(INPUT DATA)
++++++++++

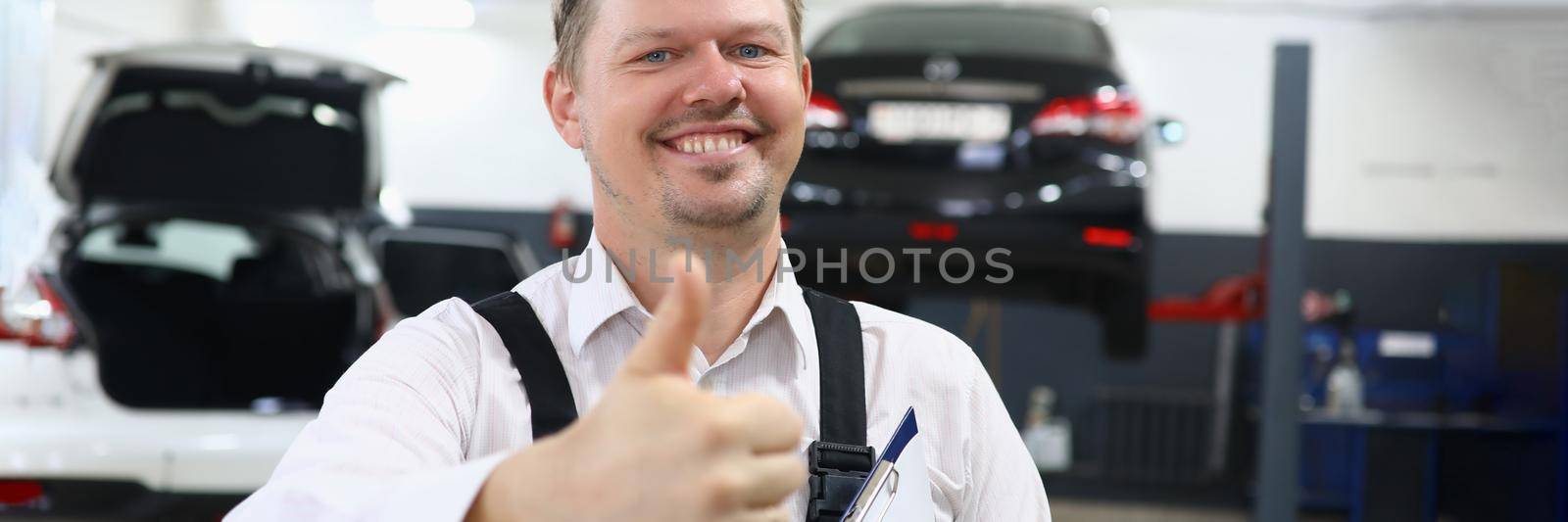 Portrait of a young smiling car mechanic holding thumbs up in car repair shop by kuprevich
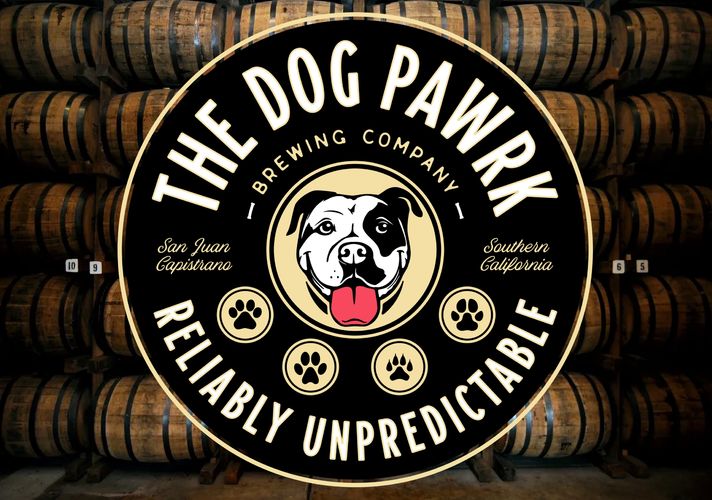 The Dog Pawrk Logo on a background of wood barrels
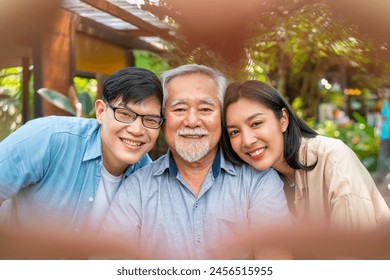 Happy Asian couple using mobile phone taking selfie with elderly father during having lunch eating food together at restaurant on summer vacation. Family relationship senior people health care concept - Powered by Shutterstock
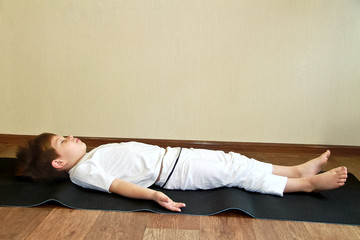 Fototapeta na wymiar Baby yoga at home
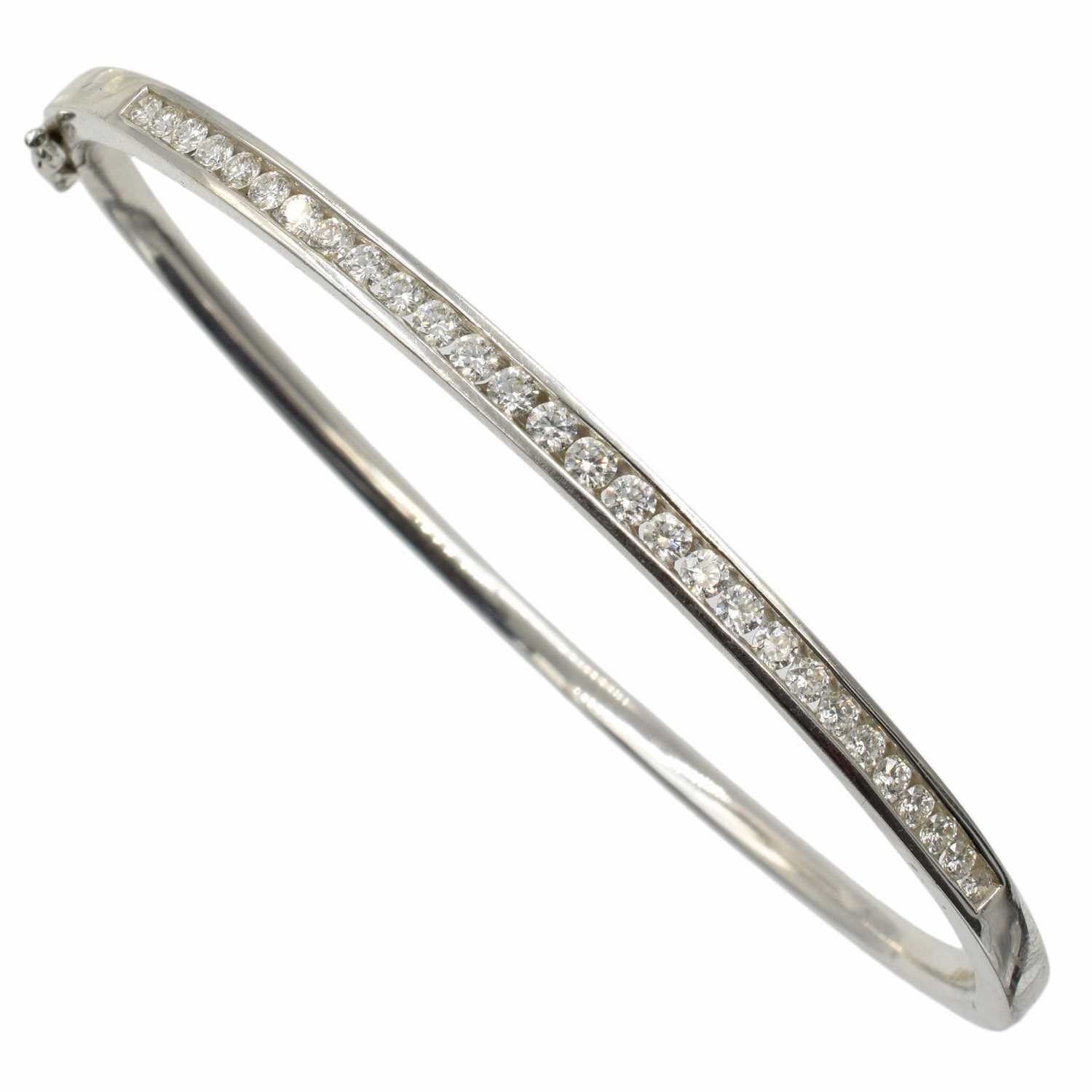 Lot An 18ct white gold and diamond bangle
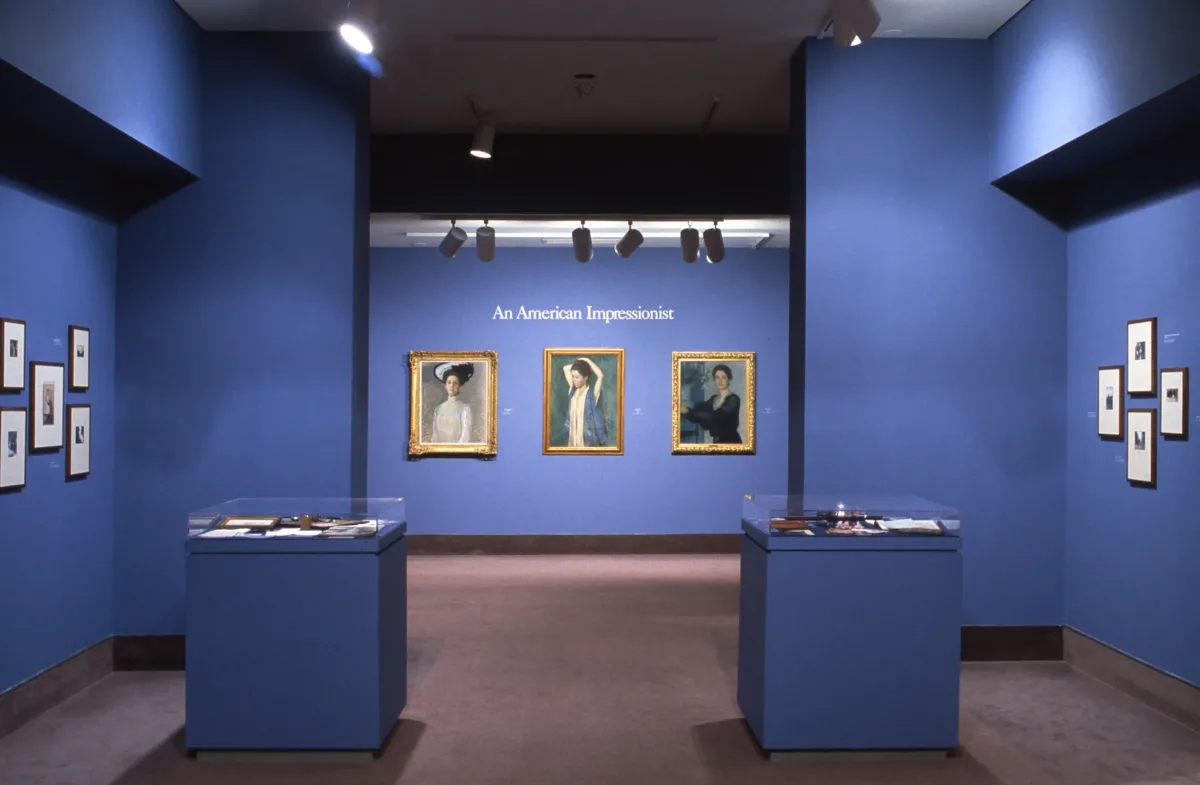 A view of a gallery shows several oil paintings hanging on blue walls. Three portraits of women in an Impressionist painting style hang next to each other. In large letters, it says "An American Impressionist" above the paintings.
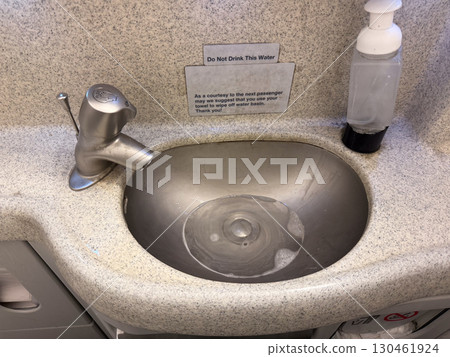 Airplane lavatory sink with faucet, soap dispenser, and towels. Hygiene, compact facilities, and airline service ensure passenger comfort and aviation travel. Airplane lavatory sink with faucet, soap dispenser, and towels. Hygiene, compact facilities, and airline service ensure passenger comfort and aviation travel. 130461924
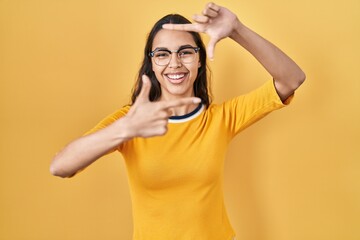 Young brazilian woman wearing glasses over yellow background smiling making frame with hands and fingers with happy face. creativity and photography concept.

++++++++++

(EXERCISE OBJECTIVE) Leaving aside every picture, transcribe exactly the lines that run from the one with "Lot An 18ct white gold and diamond bangle" to the close of the listing above.

(EXERCISE ANSWER)
 Lot An 18ct white gold and diamond bangle
 A view of a gallery shows several oil paintings hanging on blue walls. Three portraits of women in an Impressionist painting style hang next to each other. In large letters, it says "An American Impressionist" above the paintings.
 Airplane lavatory sink with faucet, soap dispenser, and towels. Hygiene, compact facilities, and airline service ensure passenger comfort and aviation travel. Airplane lavatory sink with faucet, soap dispenser, and towels. Hygiene, compact facilities, and airline service ensure passenger comfort and aviation travel. 130461924
 Young brazilian woman wearing glasses over yellow background smiling making frame with hands and fingers with happy face. creativity and photography concept.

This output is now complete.